**THE DATA:**

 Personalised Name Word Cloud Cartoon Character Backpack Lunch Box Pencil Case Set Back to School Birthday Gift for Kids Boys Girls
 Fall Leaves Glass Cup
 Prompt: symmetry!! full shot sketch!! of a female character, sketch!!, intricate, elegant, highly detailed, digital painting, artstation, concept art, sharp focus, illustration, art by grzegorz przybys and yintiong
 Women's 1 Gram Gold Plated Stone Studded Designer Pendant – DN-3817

---

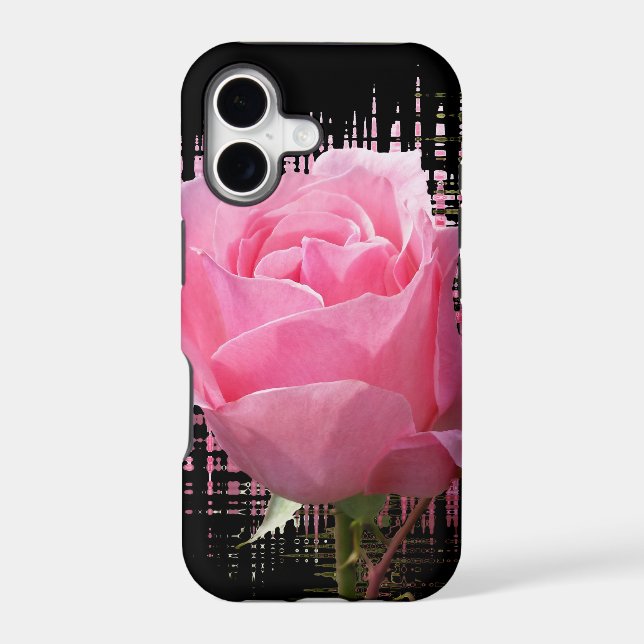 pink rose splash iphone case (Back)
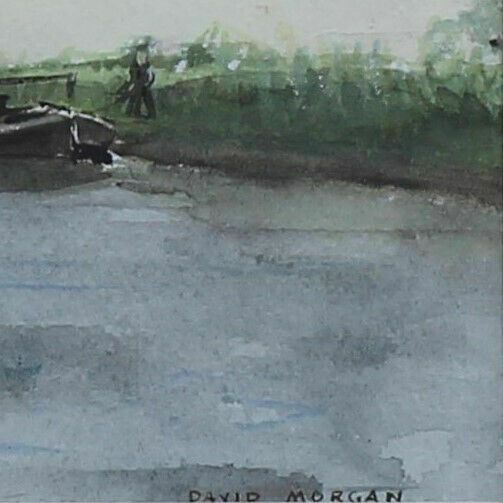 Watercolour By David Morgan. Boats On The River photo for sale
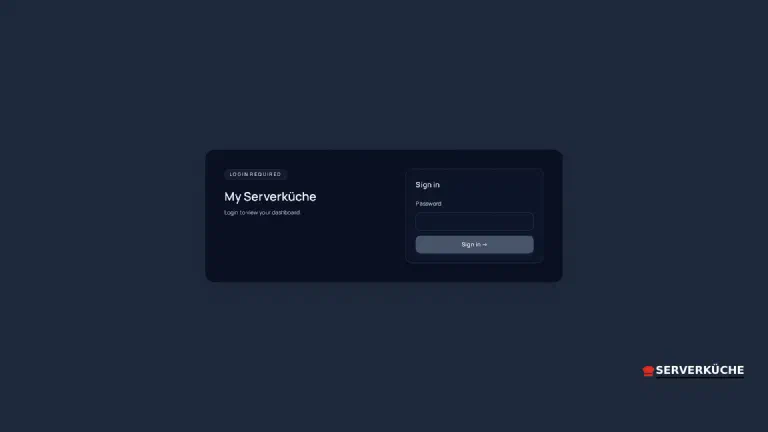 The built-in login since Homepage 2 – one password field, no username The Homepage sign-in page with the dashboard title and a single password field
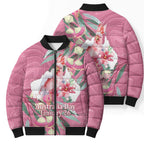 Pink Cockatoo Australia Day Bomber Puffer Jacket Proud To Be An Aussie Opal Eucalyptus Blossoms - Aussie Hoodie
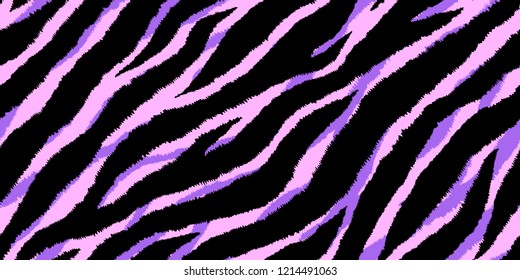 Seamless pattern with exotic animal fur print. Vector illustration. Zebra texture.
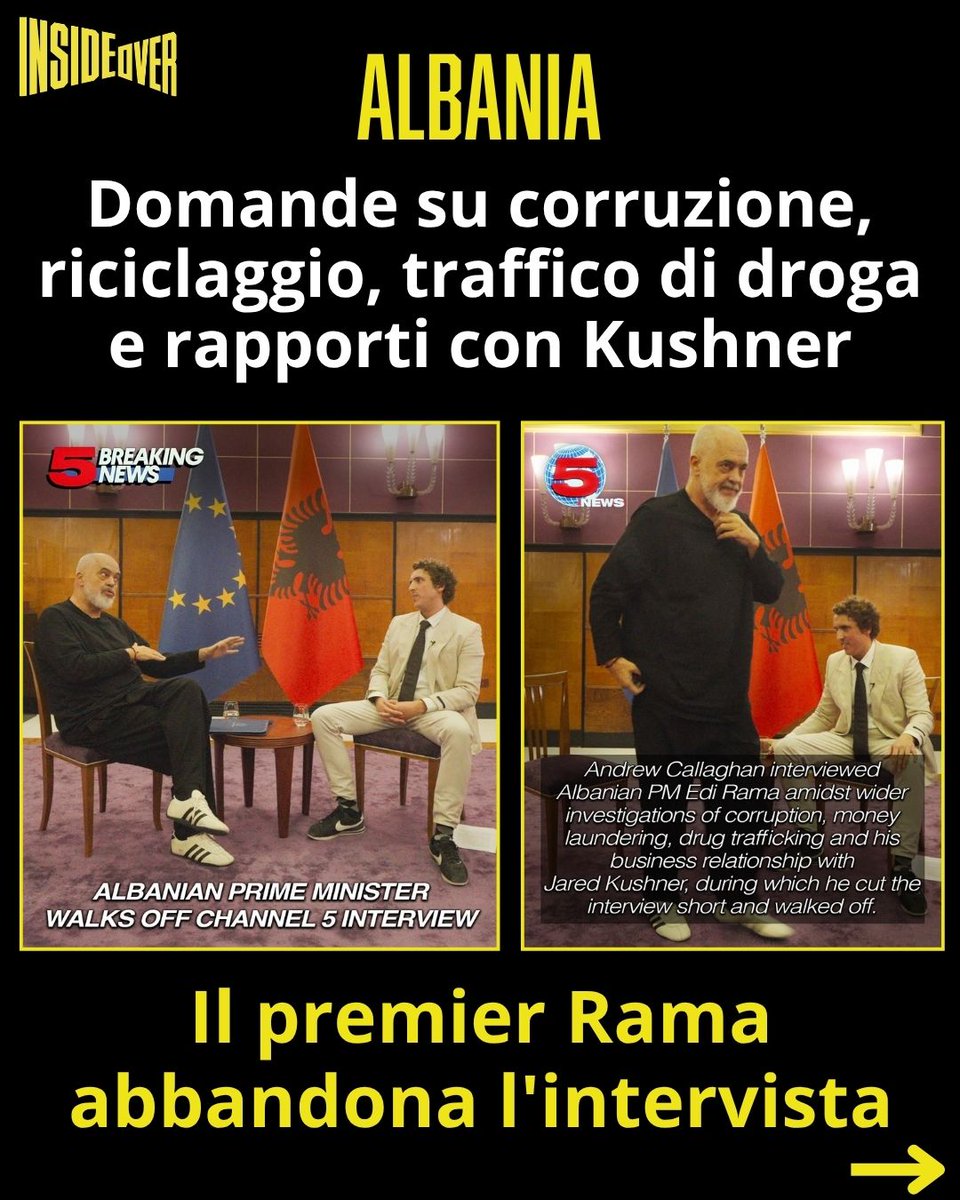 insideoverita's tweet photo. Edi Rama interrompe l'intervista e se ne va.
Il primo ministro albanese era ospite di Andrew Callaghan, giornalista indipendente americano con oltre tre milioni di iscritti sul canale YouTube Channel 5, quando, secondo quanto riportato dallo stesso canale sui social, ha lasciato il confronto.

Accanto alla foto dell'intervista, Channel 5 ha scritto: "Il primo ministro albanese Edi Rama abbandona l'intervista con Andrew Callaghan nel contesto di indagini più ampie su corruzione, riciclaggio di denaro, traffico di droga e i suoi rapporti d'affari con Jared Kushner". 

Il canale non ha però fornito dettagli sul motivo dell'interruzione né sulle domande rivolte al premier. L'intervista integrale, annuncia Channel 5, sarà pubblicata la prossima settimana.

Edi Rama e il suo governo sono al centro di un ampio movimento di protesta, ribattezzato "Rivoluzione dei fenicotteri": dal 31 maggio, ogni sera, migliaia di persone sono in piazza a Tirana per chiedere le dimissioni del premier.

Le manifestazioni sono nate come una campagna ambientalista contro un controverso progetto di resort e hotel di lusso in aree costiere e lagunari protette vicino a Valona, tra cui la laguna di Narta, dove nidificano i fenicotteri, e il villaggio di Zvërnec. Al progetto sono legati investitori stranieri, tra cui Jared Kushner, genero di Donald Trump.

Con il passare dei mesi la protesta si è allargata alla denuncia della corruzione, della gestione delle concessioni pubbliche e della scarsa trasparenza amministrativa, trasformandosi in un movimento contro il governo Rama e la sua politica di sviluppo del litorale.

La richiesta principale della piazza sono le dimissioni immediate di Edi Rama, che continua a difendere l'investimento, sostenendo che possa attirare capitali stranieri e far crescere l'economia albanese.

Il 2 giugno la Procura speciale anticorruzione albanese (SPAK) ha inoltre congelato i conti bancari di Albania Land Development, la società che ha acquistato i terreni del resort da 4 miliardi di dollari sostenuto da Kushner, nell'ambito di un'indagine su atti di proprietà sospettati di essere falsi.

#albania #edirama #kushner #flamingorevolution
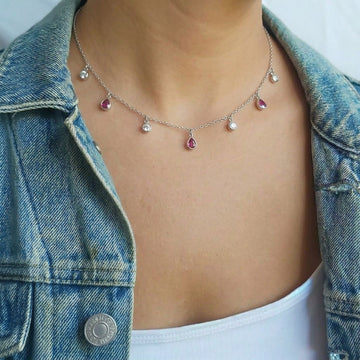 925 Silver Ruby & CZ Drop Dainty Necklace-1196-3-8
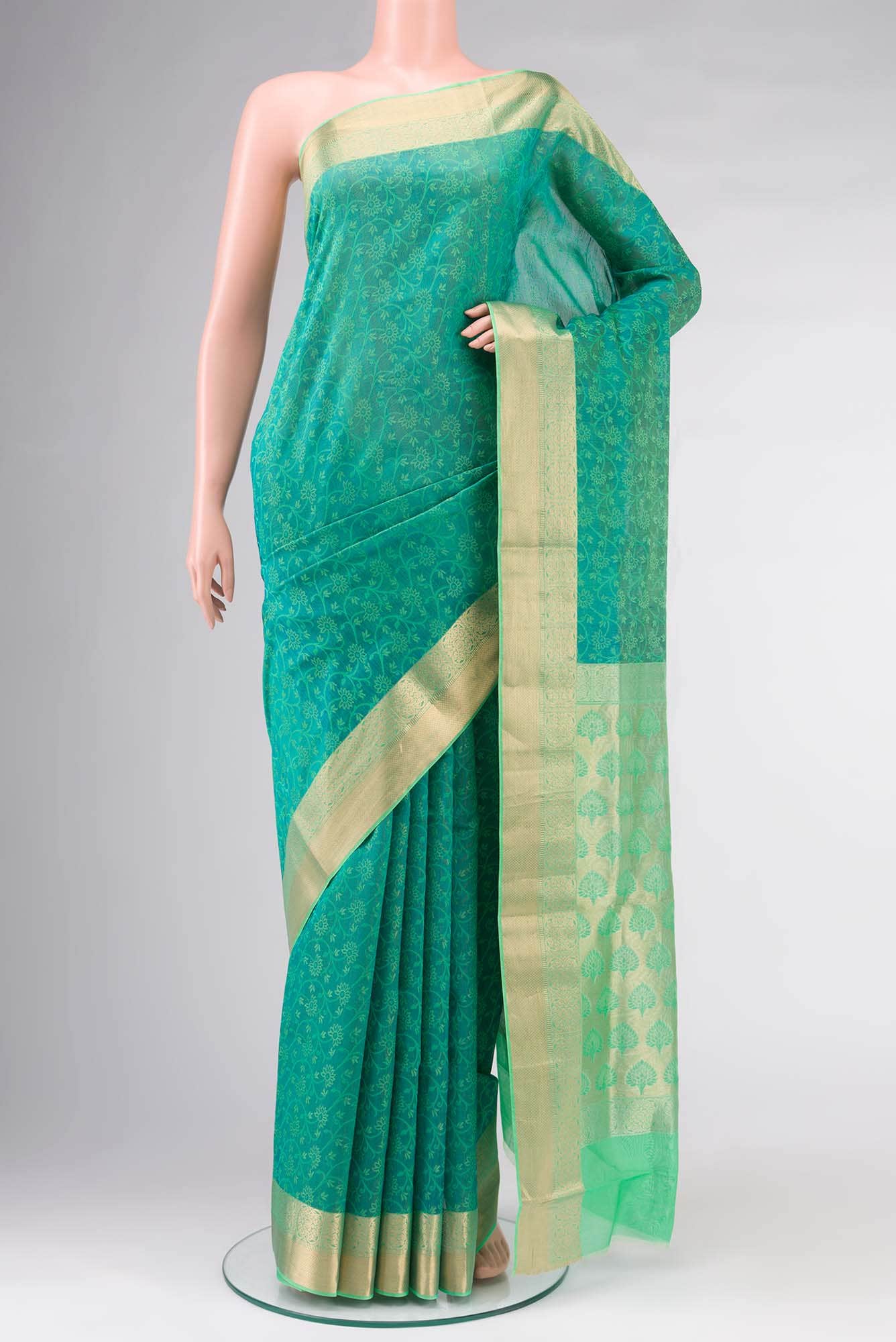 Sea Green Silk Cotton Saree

**WHAT IS NEEDED:**
For each line of the material that contains the word "ministro", make a copy.

**WRITTEN REPLY:**
Il primo ministro albanese era ospite di Andrew Callaghan, giornalista indipendente americano con oltre tre milioni di iscritti sul canale YouTube Channel 5, quando, secondo quanto riportato dallo stesso canale sui social, ha lasciato il confronto.
Accanto alla foto dell'intervista, Channel 5 ha scritto: "Il primo ministro albanese Edi Rama abbandona l'intervista con Andrew Callaghan nel contesto di indagini più ampie su corruzione, riciclaggio di denaro, traffico di droga e i suoi rapporti d'affari con Jared Kushner". 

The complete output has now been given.